Important Life Skills
- Coping with pressure
- Dealing with criticism
- Develops focus and concentration
- Coping with authorities decisions
- A mistake is a mistake
- Appropriate Risk Taking
Learning to Concentrate
Learning an instrument is usually accompanied by an array of activities including opportunities to play in ensembles, perform and sit exams. With each of these comes a certain level of pressure that students must learn to navigate. The preparation process alone teaches students how to focus and concentrate. Not to mention let alone the intense concentration required during a performance.
Managing Criticism
During each lesson students, in order to make progress must also learn to deal with criticism. They need to accept the advice of their teacher, a person who is vastly more knowledgeable in the area of their instrument than the student. This produces adults who are considerably more willing to listen to other people’s views. It sets them up to be able to not only receive but to give criticism in a constructive and appropriate manner (Johnston, 2004).
Healthy Risk-Taking
Each performance involves a level a risk-taking. Will, I wear my emotions on my sleeve and play expressively even though the audience might not like it? Will I perform this piece by memory? Improvise a solo? Learning to take appropriate risks is rewarding and has a very high pay off for the individual.
Acceptance
Music being a highly subjective field also teaches the art of gracefully accepting the “referee’s” decision. Each exam produces a series of comments about the student’s performance. While the examiner is highly qualified they are still human. This provides students with the opportunity to learn that opinions are not truth or reality and that peoples’ decision may be respected whether we agree with them or not (Johnston, 2004).
Good Mistakes
The process of learning to create music is riddled with mistakes. Mistakes are how we learn – they are even encouraged. We make them so we learn how to deal with them in performance, how to accept them and not get frustrated. We learn not to let them rule our lives.
Character Development
- Respect
- Humility
- Self-discipline
- Self-esteem
- Patience
- Conquering Fear
- Diligence
One of the important steps to growing up and maturely functioning within society is learning to become independent, self-motivated and tolerant of others. The relationship between student and teacher helps to impart and demonstrate the value of respecting your elders. If students don’t listen to and respect the advice of their teacher, progress becomes slow and far less enjoyable. Ensemble activities also require students to respect their peers, they learn to take turns and value other people’s ideas.

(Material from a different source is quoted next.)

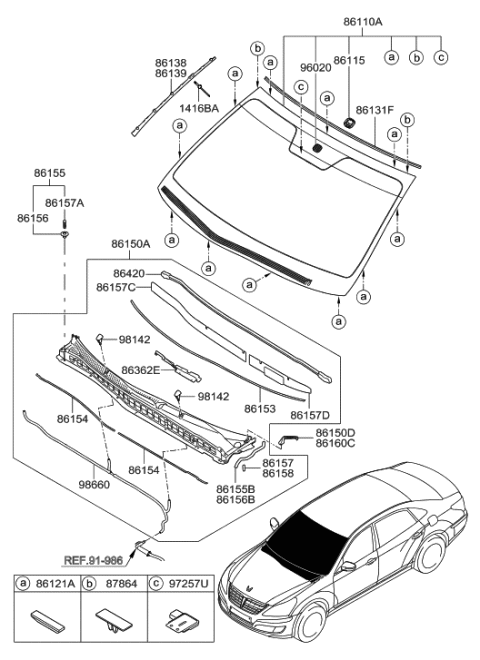 2013 Hyundai Equus Bracket-Wind Shield Molding Mounting,RH Diagram for 86142-3N000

Ensembles also surround individuals with students who are both more advanced and less experienced than themselves, which is a humbling and inspiring learning curve. Students learn patience as they wait there turn to play and hear the reward of everyone playing together. They learn to conquer their fear by performing solos and become self-disciplined individuals who are diligent and ‘do’ instead of simply observing. The self-esteem and self-worth attained through these situations last a lifetime.
Employment Skills
- Creative Thinking
- Problem Solving
- Project Management
- Teamwork
- Time Management
- Public Presentation
From lesson 1 to lesson 4570 and beyond, students are constantly problem-solving, exercising creative thinking, time management and project management. If this method of practice doesn’t work what can I try? What can I do to produce a better sound? How should I interpret the emotional content of this piece? They learn how to cope with deadlines. Performances and exams provide both long and short-term goals as well as opportunities to develop public presentation skills.